Cable Label Reset Map
Purpose
Use this prompt-only skill when a user has a desk, TV area, router shelf, game setup, speaker area, printer shelf, dock, hub, or charging corner full of mystery cables and wants labels before unplugging, moving, cleaning, or resetting the area.
The deliverable is a printable cable tag sheet plus a simple before-unplug map. It should help the user know what each cord belongs to, where both ends go, what should be reconnected first, and which unidentified cables should be quarantined for later testing.
Safety Boundary
This skill is for labeling, mapping, and non-technical organization only. It does not provide electrical repair advice, wiring instructions, network configuration, device repair, safe-load calculations, power troubleshooting, or instructions for opening devices.
Tell the user not to open devices, modify wiring, overload outlets, daisy-chain power strips, use damaged cords, handle hot or sparking equipment, or work around wet areas.

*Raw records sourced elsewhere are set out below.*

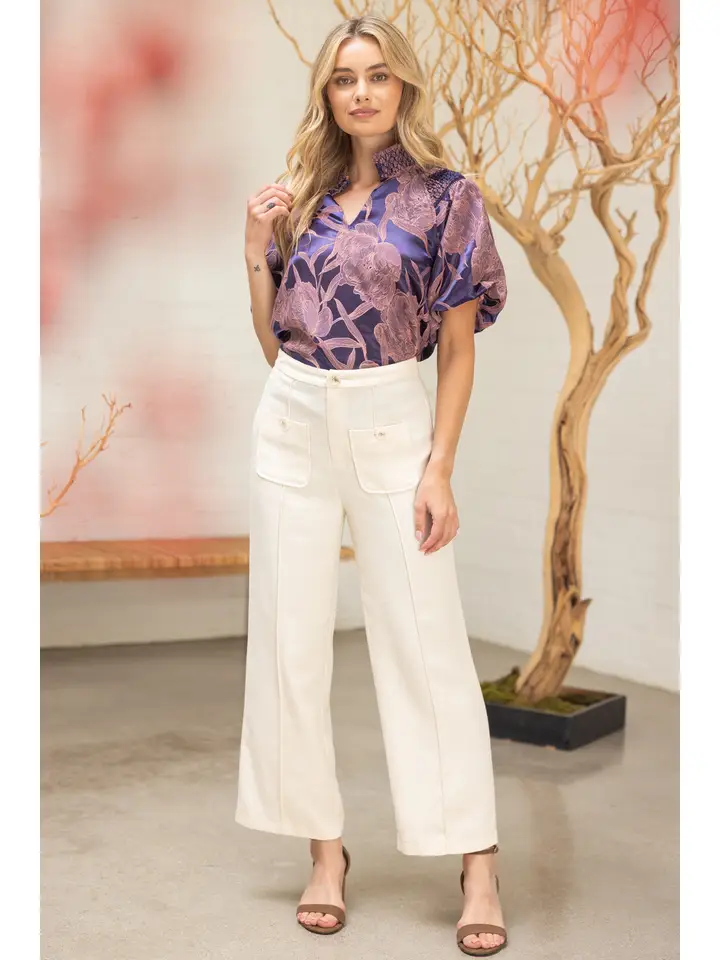 SMOCKED FLORAL PRINT TOP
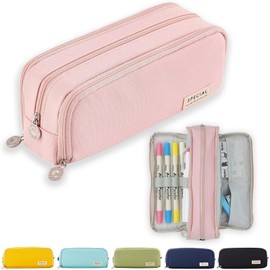X SIM FITNESSX Pencil Case, Teenagers’ Girls’ Pencil Case, 3 Compartments, Large Capacity Pencil Case for School and Office, Pink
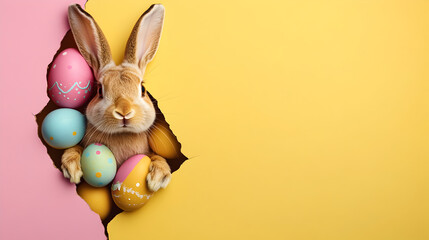 un conejo de pascua saliendo de un agujero de la pared rota junto con sus huevos de pascua...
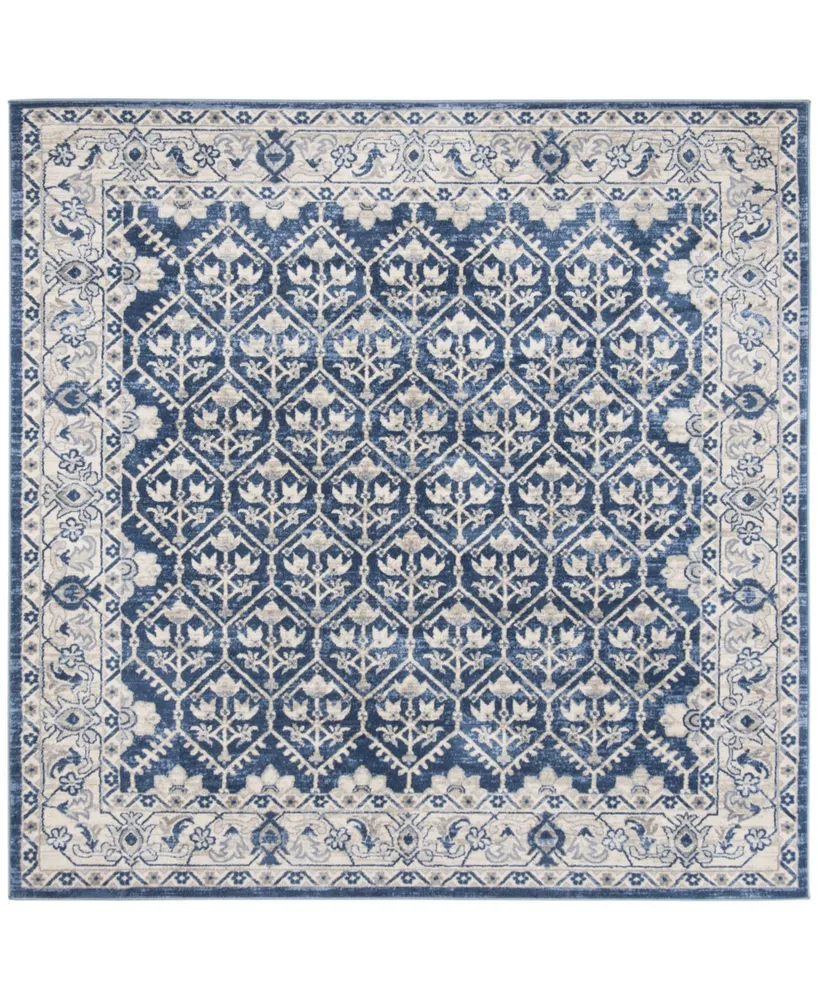 Safavieh Brentwood BNT869 Navy and Light Gray 6'7" x 6'7" Square Area Rug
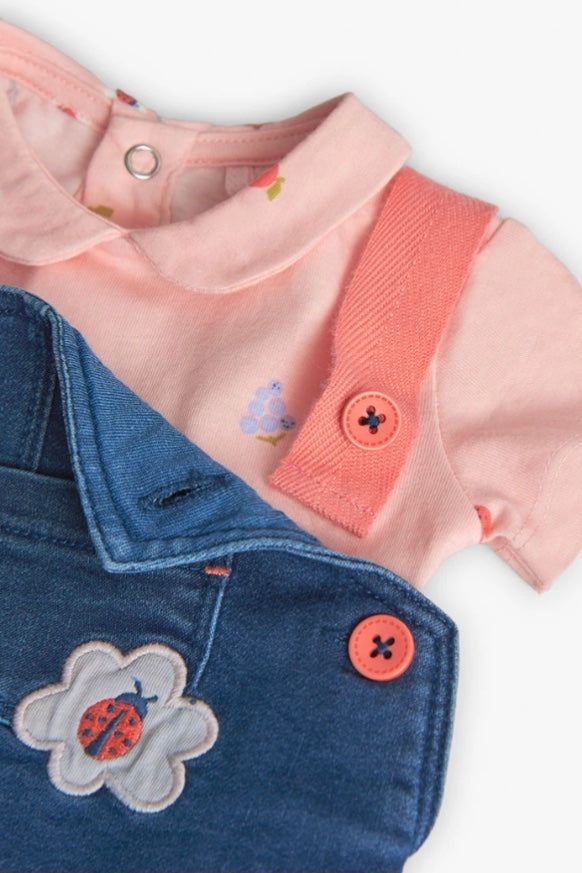 Boboli baby girl pinafore 2 piece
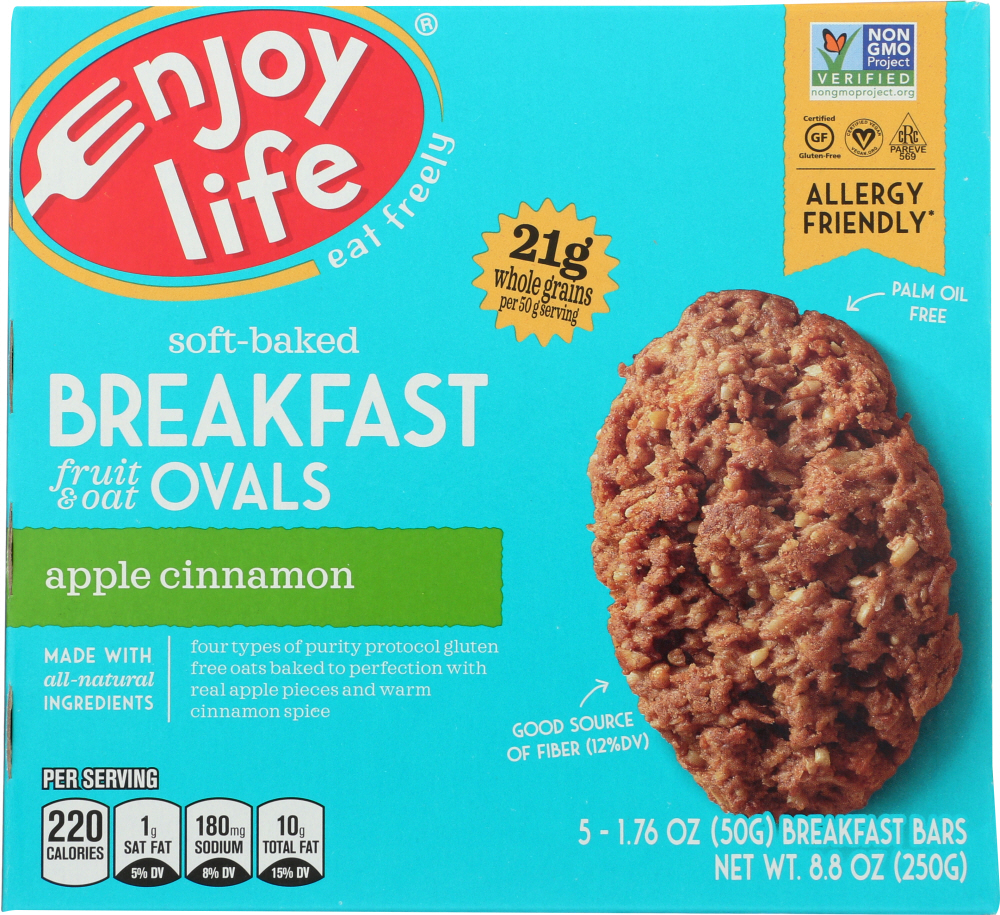 Picture of Enjoy Life Foods KHFM00333072 8.8 oz Breakfast Oval Apple Cinnamon Bar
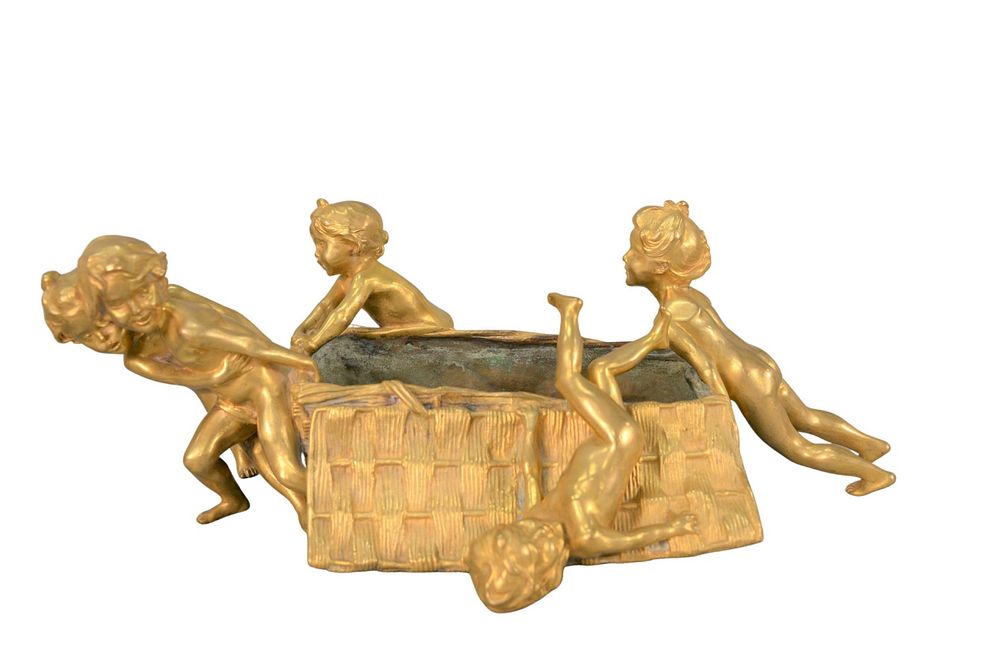 Appraisal: Raoul Francois Larche - French gilt bronze figural table flower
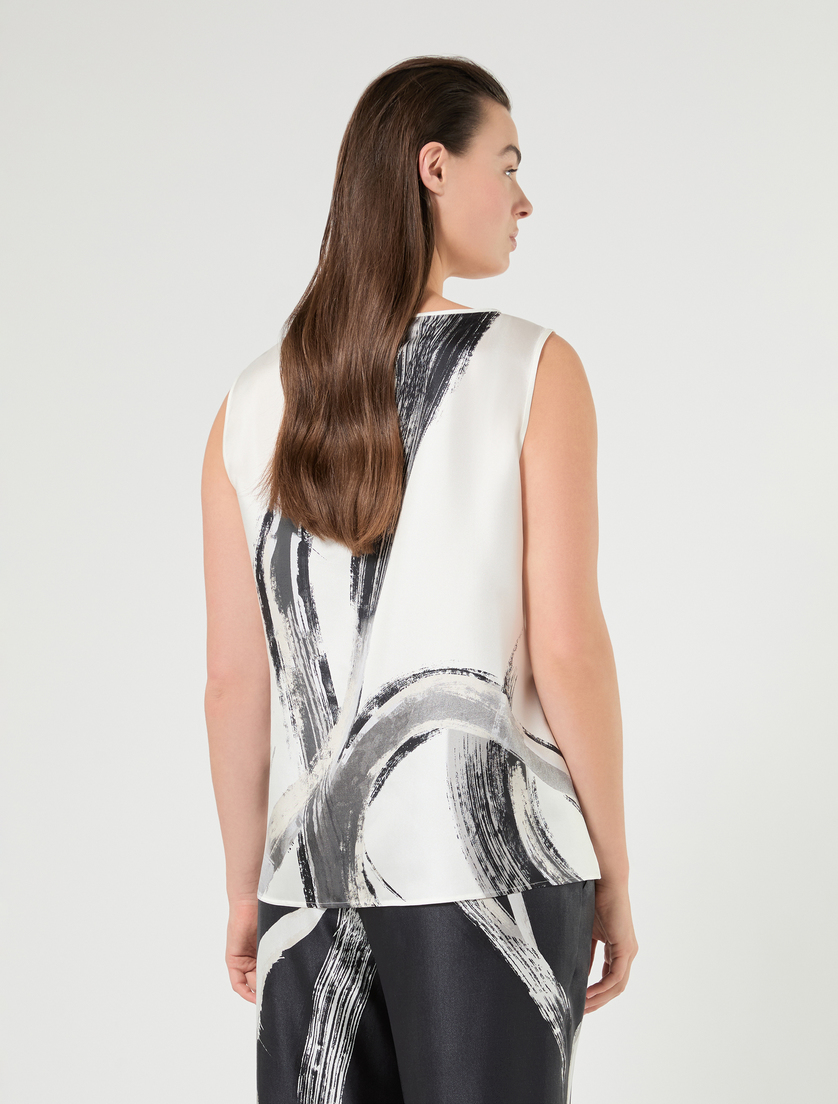Silk twill top - WHITE BLACK - Marina Rinaldi - 4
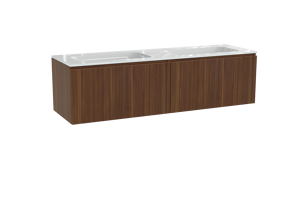 Balmani Sfera hängendes Möbelstück Set: 180 x 55 cm, Amerikanischer Nussbaum, mit Tablo Strada Doppelwaschtisch, Marmorkomposit Weiß glänzend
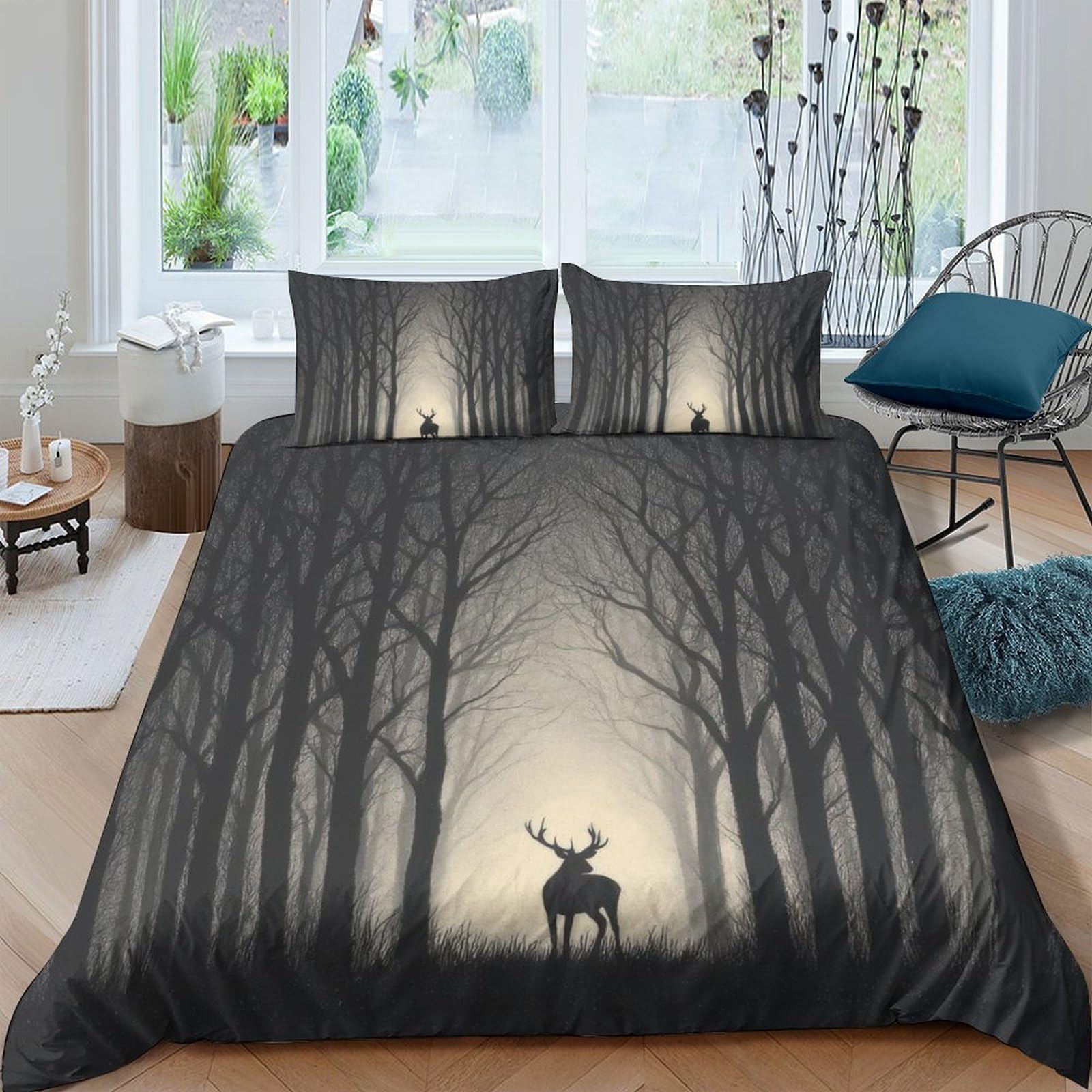 Ctjqhvkz Style-5 3D Printed Forest Deer Fitted Sheet Microfiber Soft Black Tree Silhouette Bed Cover For Bedroom Dorm Mattress Protection Decor Single（135X200cm）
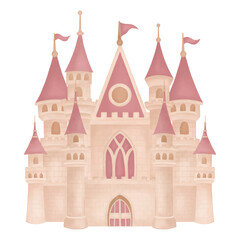 Fototapeta premium Fairytale castle for royal wedding concept watercolor illustrations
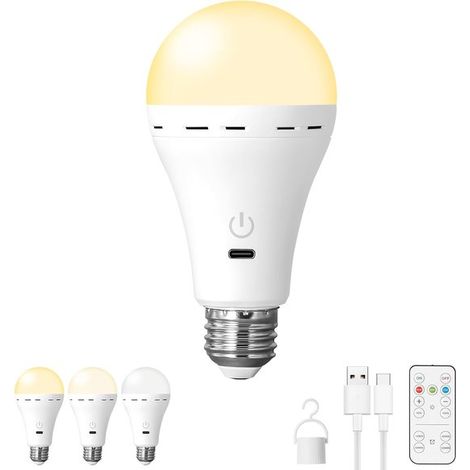 Wiederaufladbare LED-Lampe mit Akku E26 E27-Fassung Kabellos 2200 mAh 300 Lumen 3 Farbtemperaturen Dimmbar Timerfunktion Mit Fernbedienung und 1 (1/5)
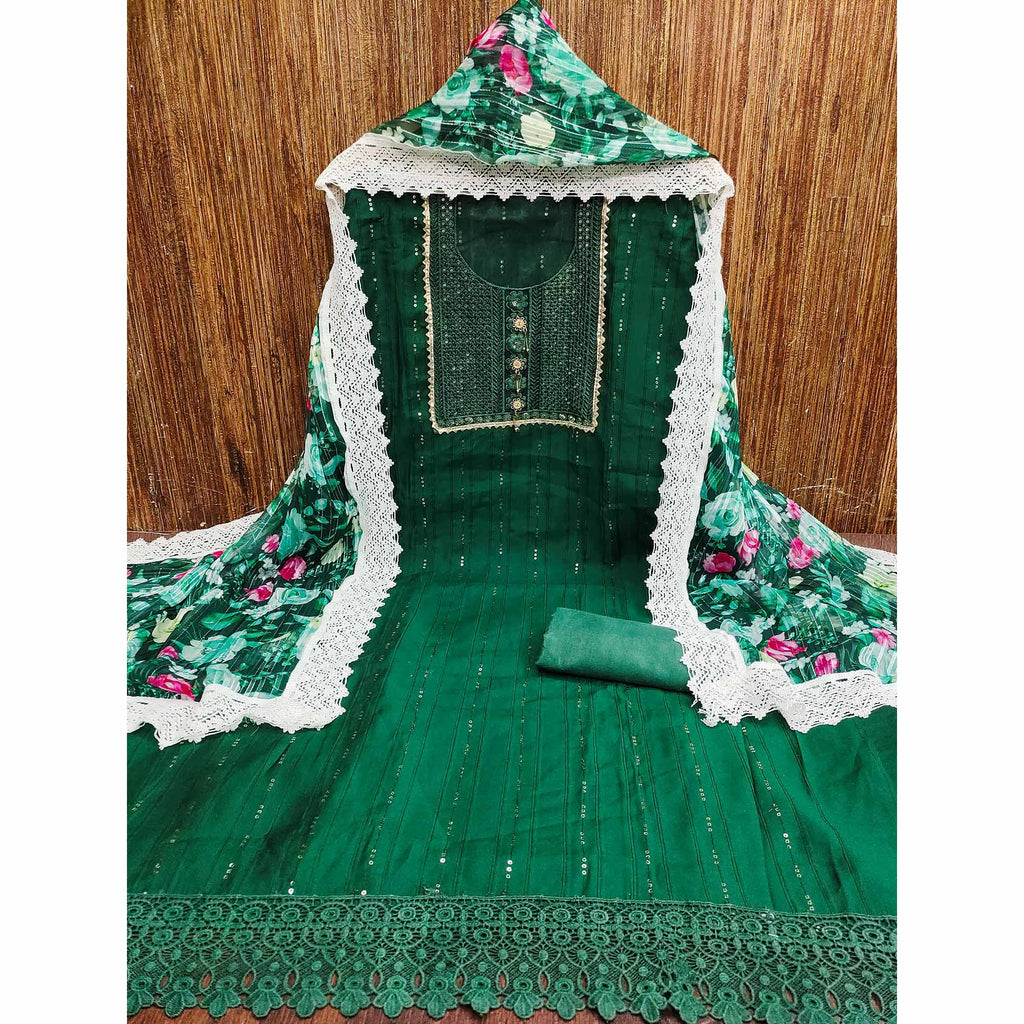 Green Cotton Blend Suit Material Enhanced with Sequins Embroidery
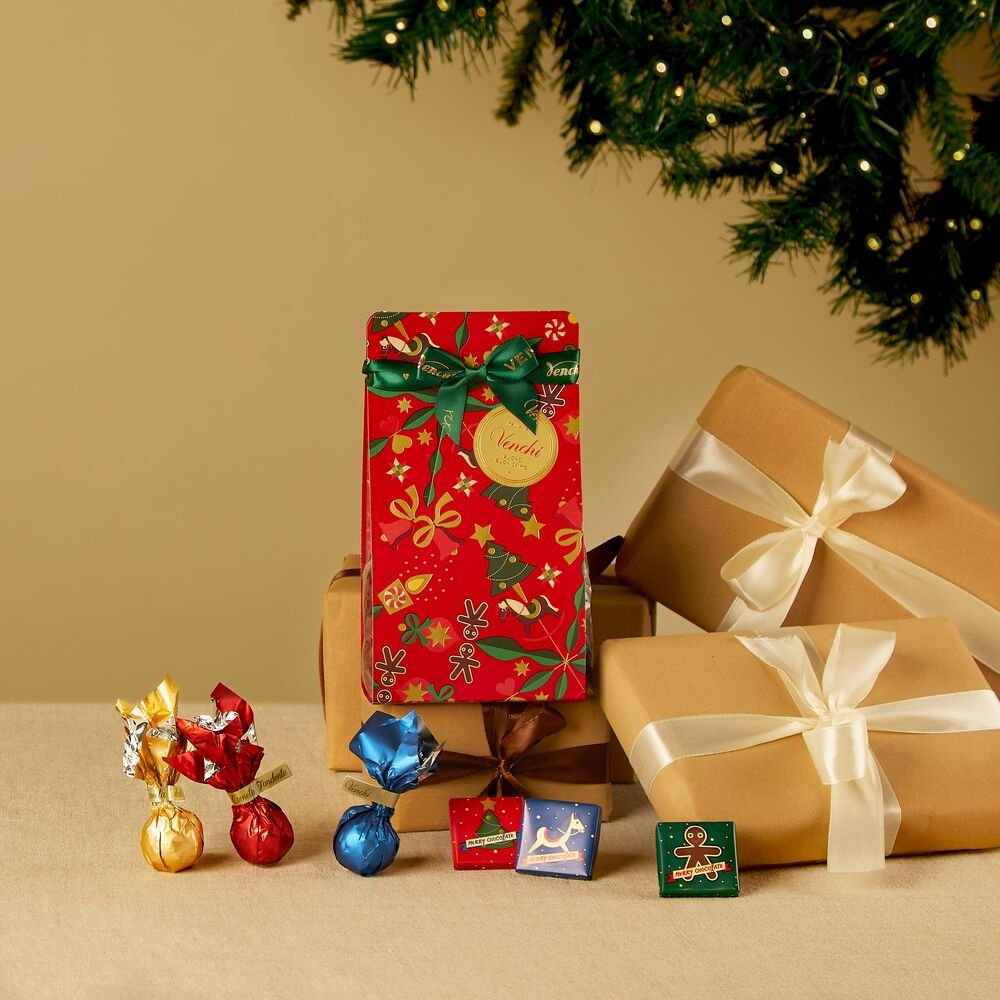 venchi-confezione-regalo-natale-cioccolatini-assortiti-170-g image 1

If a cord, plug, outlet, power strip, device, smell, sound, heat, or breaker behavior seems unsafe, tell the user to stop and contact a qualified professional.
Required Inputs
Ask for the practical setup details the user can safely observe:
- Area being organized: desk, TV, router, game console, speaker, printer, charging station, dock, hub, or other zone.
- Devices visible in the area.
- Power strips, wall outlets, chargers, adapters, docks, hubs, and extension cords visible from the outside.
- Cables that should not be unplugged casually, such as router power, modem power, medical device power, work equipment, security equipment, or shared household systems.
- Ports or cable ends the user can identify without opening devices.
- Preferred label format: wrap tag, flag tag, tape label, outlet map, photo note card, or full reset sheet.
- Whether any user-provided photos will be used only as reference notes for visible cable paths and ports.
Do not ask for passwords, network credentials, admin access, account details, serial numbers, hidden device identifiers, or instructions to access restricted equipment.
Workflow
- Identify the zone and goal: tidy, move, clean, troubleshoot by observation, pack, reset after unplugging, or make labels before a change.
- List visible devices and power sources using short, plain names.
- Mark critical items that should be left plugged in unless the user has verified it is safe to power them down.
- Create cable tags for both ends of each known cable, including device, port, power source, direction, owner, and short visual cue when useful.
- Build an outlet map that records each wall outlet or power strip position and what is plugged into it.
- Build a device port map for the back of the TV, monitor, router, dock, console, printer, speaker, hub, or charger station using only user-provided labels.
- Add an unplug-safe checklist: power down when appropriate, photograph the current setup, label both ends, unplug one cable at a time, separate power from data where useful, and check critical devices first.
- Add a reset card with reconnect order, expected lights or status signs from user knowledge, and a notes area for anything still not working.
- Create leftover cable quarantine tags for unknown cords, old chargers, duplicates, and items to test later.
Output Format
Return a cable label reset map with these sections:
- Setup Snapshot
- Area name
- Main goal
- Devices in scope
- Do-not-unplug items
- Label format
- Cable Tag Sheet
- Cable label
- End A device or port
- End B device, port, outlet, or power strip position
- Direction cue
- Owner or room if relevant
- Status: label now, verify first, do not unplug, unknown, or quarantine
- Outlet Map
- Wall outlet or power strip name
- Socket or position
- Plugged-in item
- Critical or noncritical note
- Reconnect priority
- Device Port Map
- Device name
- Visible port label or user note
- Connected cable label
- Matching other end
- Photo note if useful
- Unplug-Safe Checklist
- Take a reference photo before touching cables
- Label both ends before unplugging
- Check critical devices first
- Power down only when appropriate and user-confirmed
- Unplug one cable at a time
- Stop if anything looks damaged, hot, wet, sparking, overloaded, or unsafe
- Reset Card
- Reconnect first
- Reconnect next
- Expected light, screen, sound, or charging status from user knowledge
- Items to test
- Items needing help
- Leftover Cable Quarantine Tags
- Unknown cable
- Old charger
- Duplicate
- Test later
- Recycle or dispose according to local rules
Quality Bar
A strong result should make the setup easier to rebuild without encouraging unsafe electrical work. Labels should be short enough to fit on tape or printable flags. The map should capture what is plugged in before anything moves, clearly mark critical items, and isolate unknown cords instead of guessing.